Activity
Any pictures in the records below must be left out when you repeat the lines from the line containing "Assalamu alaikum, this" through the line containing "Subscribe to our" exactly.

──────── Data

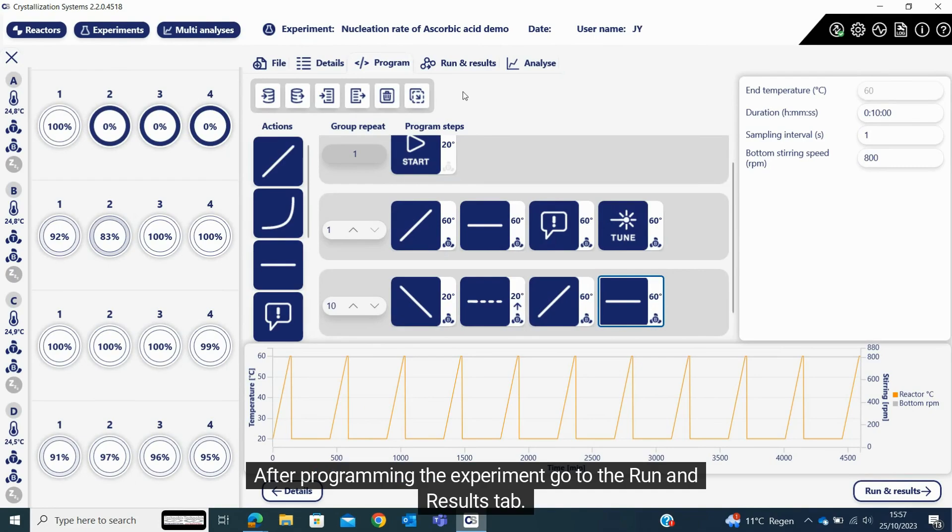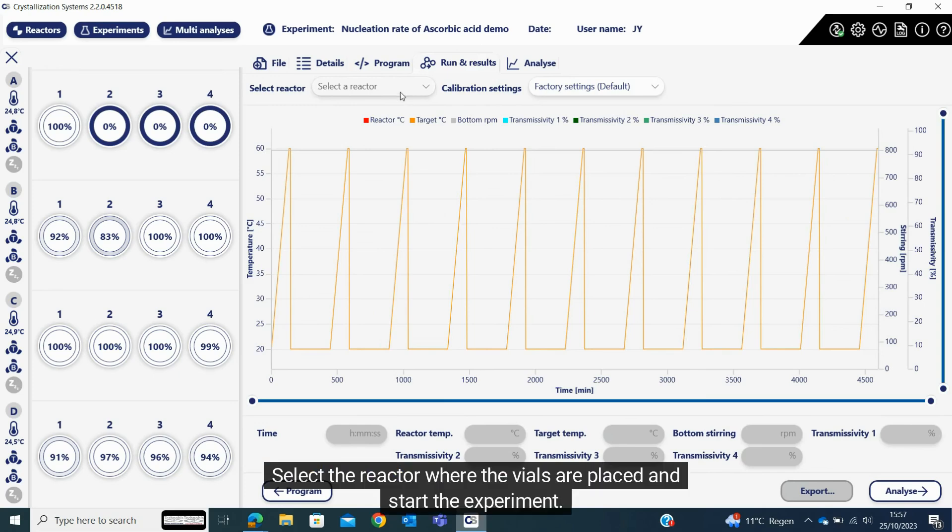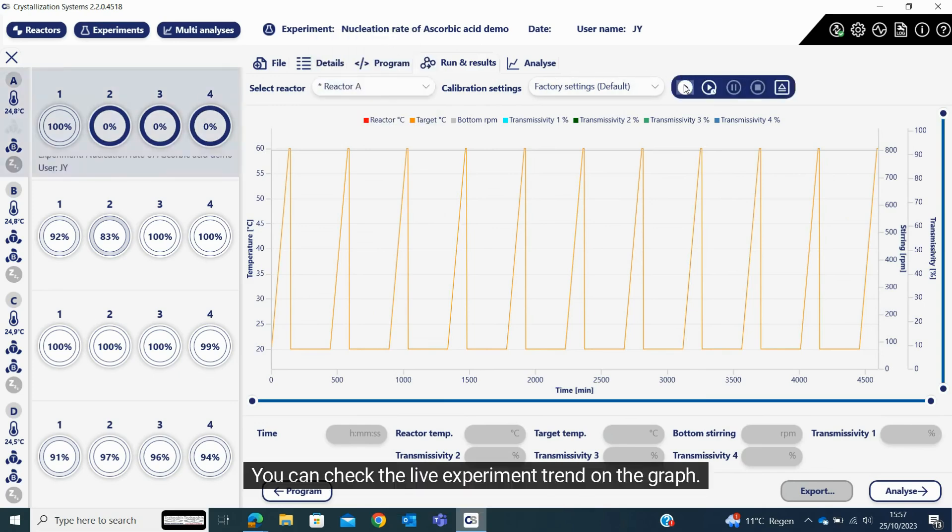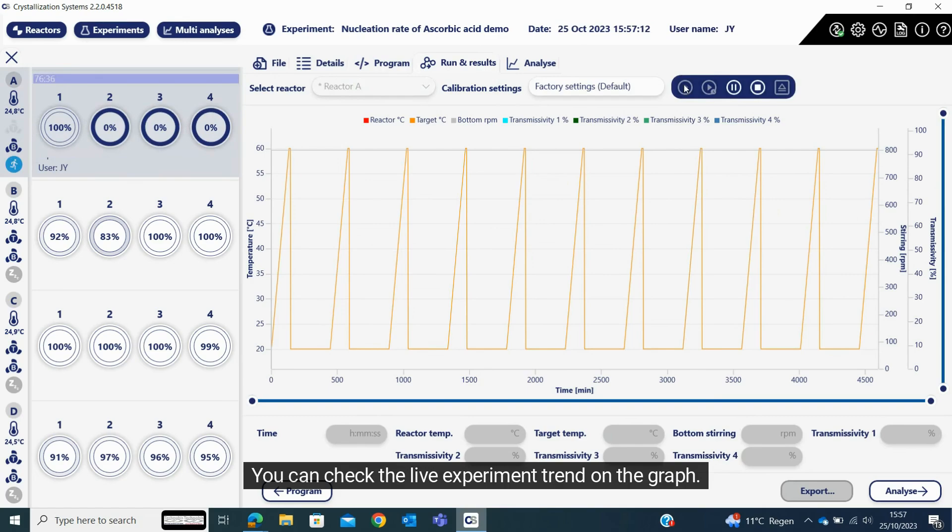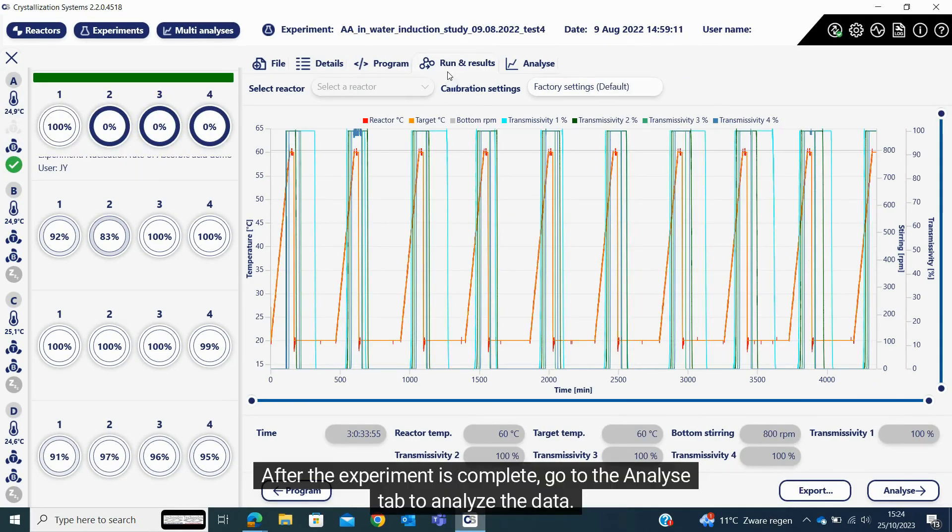After programming the experiment, go to the run and results tab. Select the reactor where the vials are placed and start the experiment. You can check the live experiment trend on the graph.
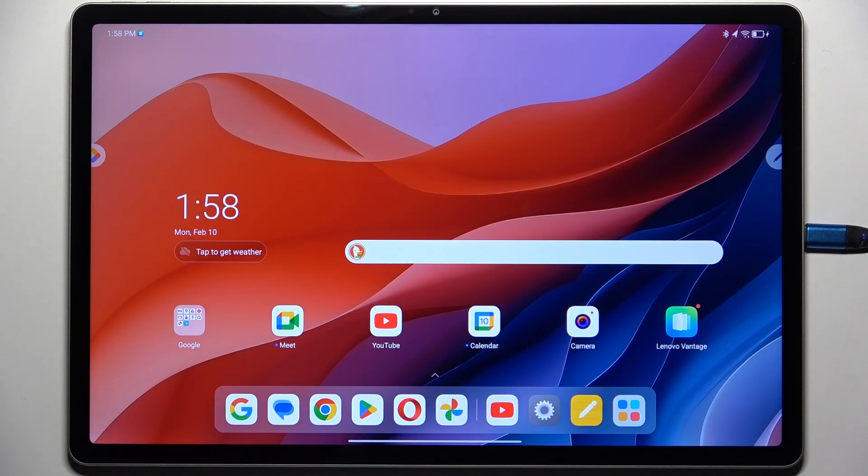Hi everyone, in front of me I've got a Lenovo IdeaTab Pro and let me share with you how to change the wallpaper on this device.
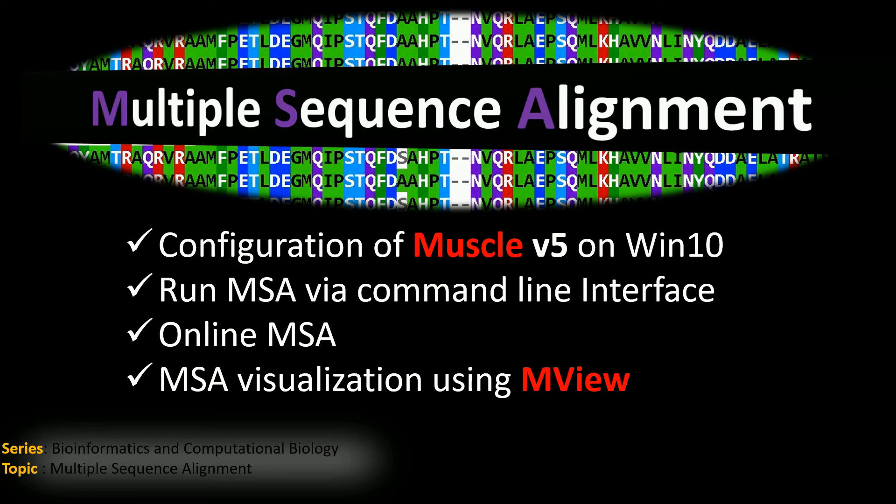Hello friends, welcome to Bioinformatics and Computational Biology Practicum series. My name is Amin. In this tutorial, I will show you how to perform a multiple sequence alignment using the MUSCLE program.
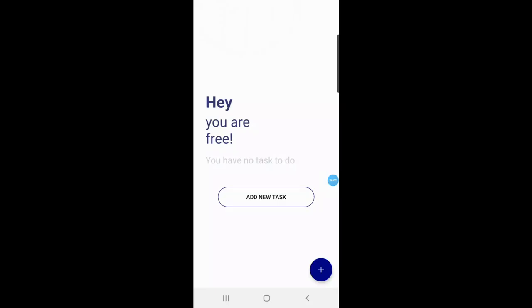Assalamu alaikum, this is Mashal Kumari, roll number 17SW61. I am presenting my Android project, which is a To-Do Task app. This app is basically used to organize your tasks.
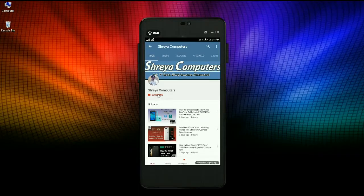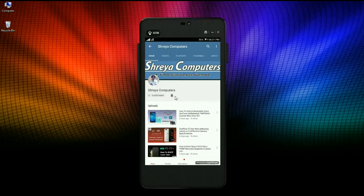Subscribe to our Shreya Computer channel and press the bell icon for the latest technology videos. Hi friends, my name is Shyam, you are watching Shreya Computer Tech channel. Today our topic is how to install Android Oreo 8.1, which is Pixel Experience, in Lenovo P2 phones.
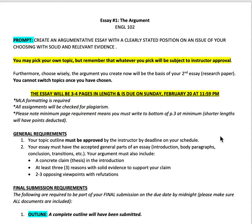Hi guys! This video is to walk you through your first essay assignment. This essay is designed to showcase your argumentation skills. You will not be doing any outside research, but basically you're going to create an argumentative essay with a clearly stated position on an issue of your choosing, with solid and relevant evidence.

────────────────

Task result
Assalamu alaikum, this is Mashal Kumari, roll number 17SW61. I am presenting my Android project, which is a To-Do Task app. This app is basically used to organize your tasks.
Subscribe to our Shreya Computer channel and press the bell icon for the latest technology videos. Hi friends, my name is Shyam, you are watching Shreya Computer Tech channel. Today our topic is how to install Android Oreo 8.1, which is Pixel Experience, in Lenovo P2 phones.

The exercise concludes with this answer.